The hospitality industry in Asia Pacific is expanding at a rapid rate and the need for staff to work in hotels is growing exponentially. Accor, the largest hotel operator in the region, recently surveyed some of its staff to find out what an average day consists of for hotel workers and the results proved that there is no such thing as an average day. Overall, the responses showed that working in hotels is challenging, rewarding and full of surprises.
Operational hotel staff are asked to find missing underwear, regulate showers, rouse guests who sleep through wake-up calls, forecast weather and provide restaurant and entertainment recommendations on a daily basis. But given the wide variety of guests from all corners of the world with different customs and expectations, employees often deal with much more extraordinary requests.
Some are easy to fulfil, like the long-staying guest who wanted a breakfast of porridge with exactly 8 strawberries and 12 slices of apple. Others are baffling like the guest who demanded to know why the same room was bigger the last time he stayed. And some are simply surprising, such as the guest who wanted his furniture in the room to be covered with plastic before his arrival.

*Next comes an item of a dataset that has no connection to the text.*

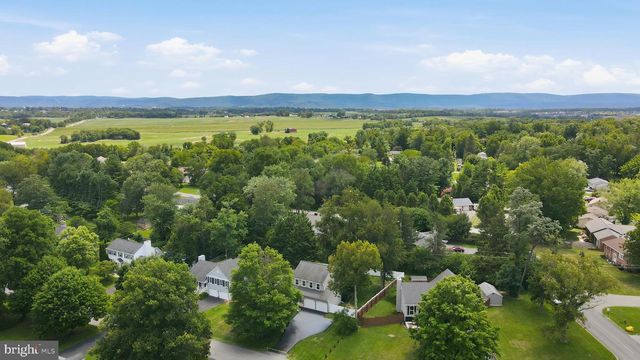 48 FENWAY DR, Charles Town, WV 25414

One of the best things about working in hotels is that guests are often celebrating a special occasion such as an anniversary, wedding proposal, birthday or surprise of some kind, so staff are called in to help create special memories. An example of this was the concierge who was asked to decorate a room with flowers, chocolates and porcelain chickens for a Thai man who was going to propose to a woman obsessed with collectible hens. Or the guest at Novotel Singapore Clarke Quay who requested his room be filled with tinsel, holiday ornaments and Santa figurines to surprise his children when they arrived – in the middle of the year!
“People come to hotels to celebrate special occasions so it’s great to get to share these special moments and witness such happiness on a regular basis,” says Tarek Beheiry, Rooms Division Manager of the Singapore Resort & Spa Sentosa, Managed by Accor. “We regularly see wonderful things like family reunions, wedding proposals, birthday celebrations and it is these moments that make working in hotels such a joy, especially if we can take part in the organisation of these events.”
From rescuing guests caught out in halls without their clothes on to dealing with sleepwalking guests, at Accor hotels, the operational teams are trained to show a high level of diplomacy to deal with awkward situations.
Working in the hospitality industry also means getting to meet many different people from all over the world, including royalty and superstars, but it is often the most ordinary guests who make the most extraordinary requests.
“When we look to fill positions in our hotels, we are looking for people who are passionate, creative and can think on their toes, because they have to meet the most unusual demands sometimes,” says Veronique Augier Nel, HR Marketing Manager at Accor.
"Nine times out of 10, we'll be able to fulfil the requests, because it's the level of personalised service that makes our hotels unique,” she says. “Sometimes we can be defeated by things like weather or the unavailability of strange items, but if you ask our team to help you create something special, they will certainly do all they can to do so.”
Accor hotel rooms have regularly become a canvas for expression of our guests’ personalities or cultural backgrounds and housekeeping staff often stumble upon surprising discoveries such as an intricate floor to ceiling sculpture made of the room’s furniture, linen, and mini-bar items; thousands of Haribo bears carefully displayed end to end covering every horizontal surface of the room; a room with all the furniture and fittings completely covered in toilet paper; or another room transformed into a professional cooking station complete with oil stains on the desk and raw ingredients left behind.
“Working in hospitality can be demanding, but it is certainly never boring and the great thing is that because of our rapid expansion in the region, career development and progression can also be quite rapid,” says Veronique. “We also have very high levels of staff satisfaction at the hotel level, with an average of 85% across the Asia Pacific region saying they enjoy their jobs, so we know it is a very rewarding career.”